• [The problem]:
Restate word for word the lines below from the one that has "2085 Tobago Cir, Fort Myers, FL 33905-2135" through the one that has "Em ato festivo, PCdoB", keeping both and dropping all pictures.
Top of Data for review
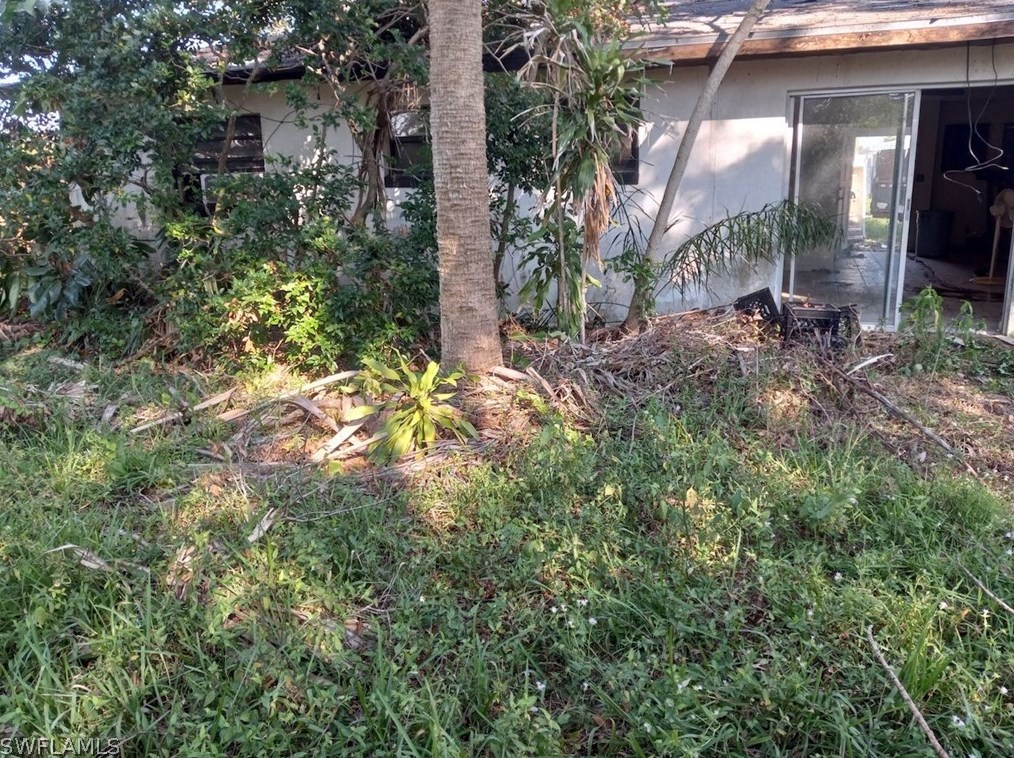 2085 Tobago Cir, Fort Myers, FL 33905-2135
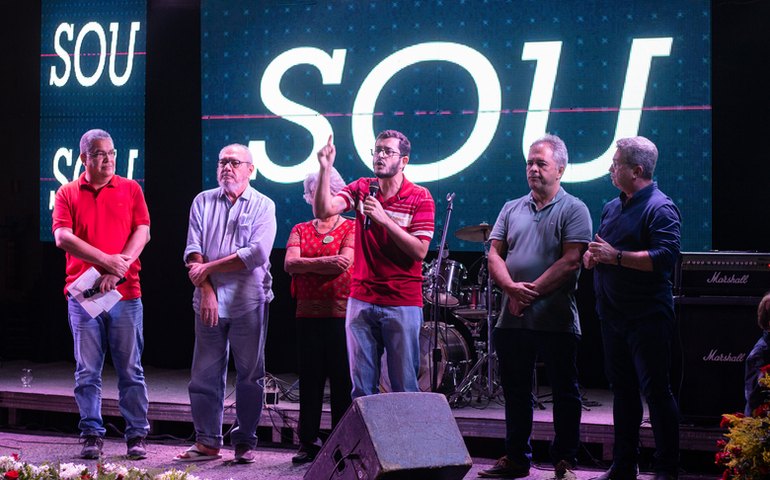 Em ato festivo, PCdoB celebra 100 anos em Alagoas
Bottom of Data for review
Top of Data for review
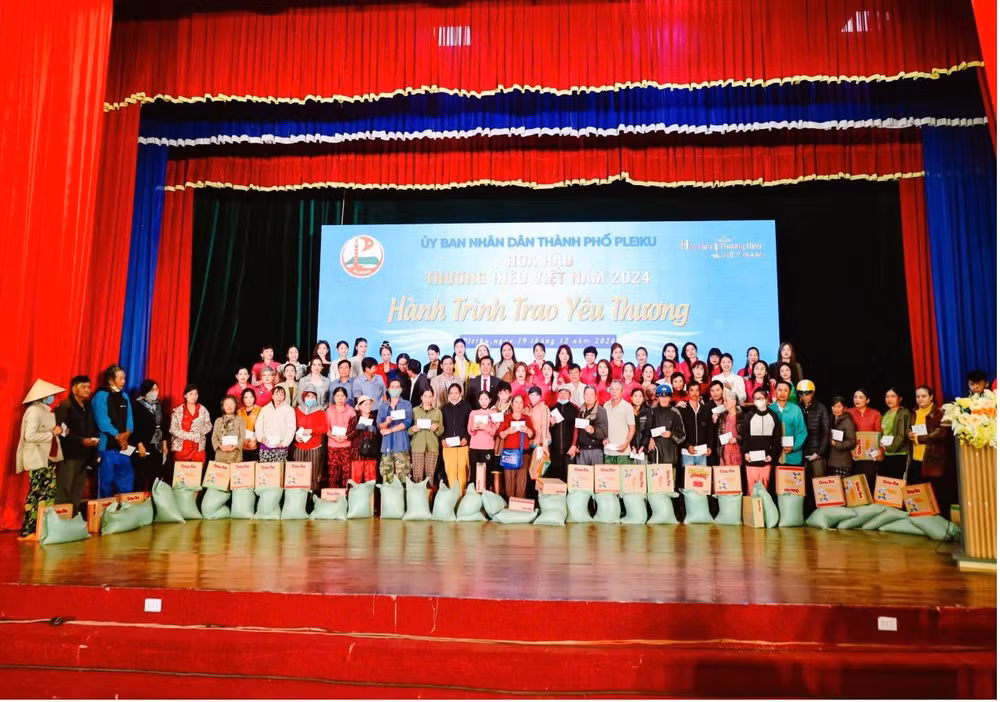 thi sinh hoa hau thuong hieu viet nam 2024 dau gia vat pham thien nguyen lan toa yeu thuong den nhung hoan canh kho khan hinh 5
Bottom of Data for review
• [Result of the exercise]:
 2085 Tobago Cir, Fort Myers, FL 33905-2135
 Em ato festivo, PCdoB celebra 100 anos em Alagoas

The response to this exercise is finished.